• _What to work on_
Write the listing out again word for word, excluding any pictures.

• _Supplied material_
»»
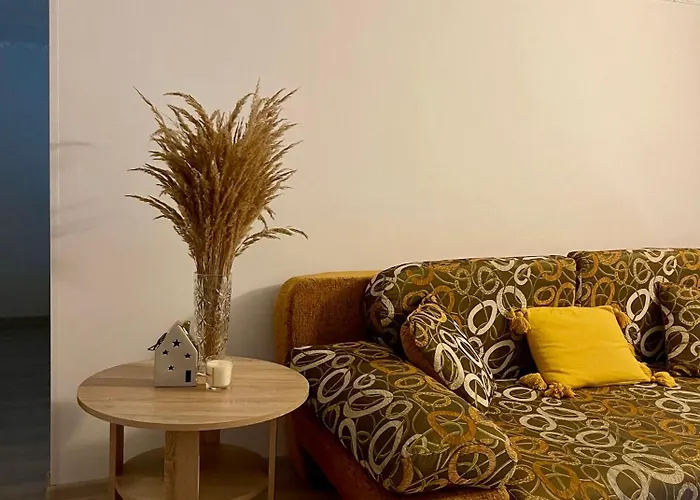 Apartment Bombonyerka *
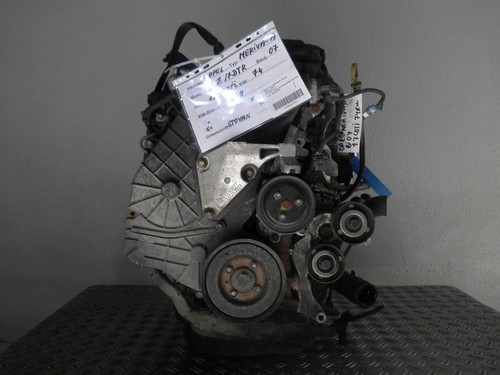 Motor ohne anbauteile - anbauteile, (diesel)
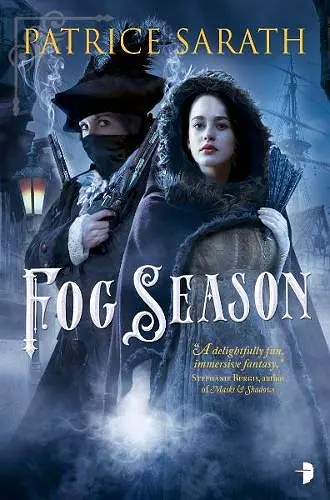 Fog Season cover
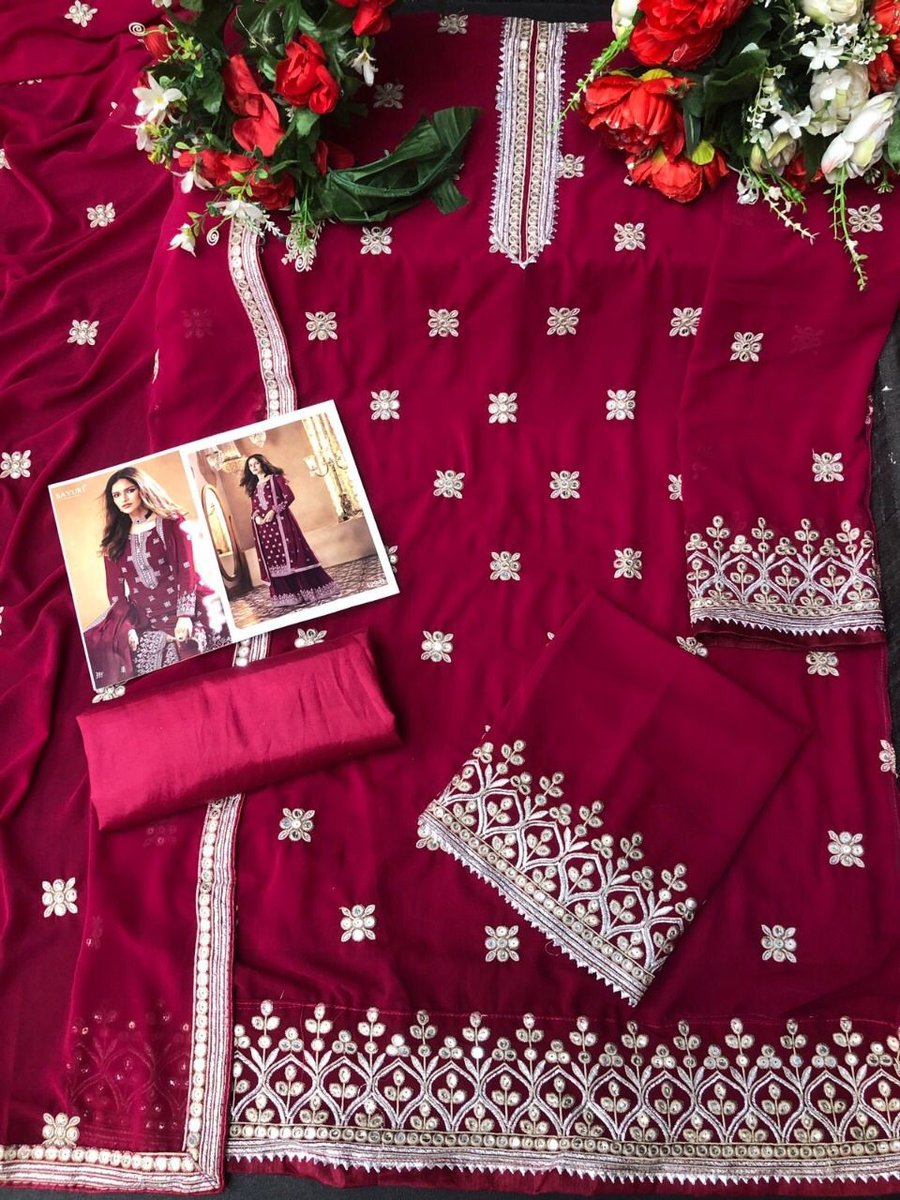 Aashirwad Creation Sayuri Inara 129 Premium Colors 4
««
• _Result_
 Apartment Bombonyerka *
 Motor ohne anbauteile - anbauteile, (diesel)
 Fog Season cover
 Aashirwad Creation Sayuri Inara 129 Premium Colors 4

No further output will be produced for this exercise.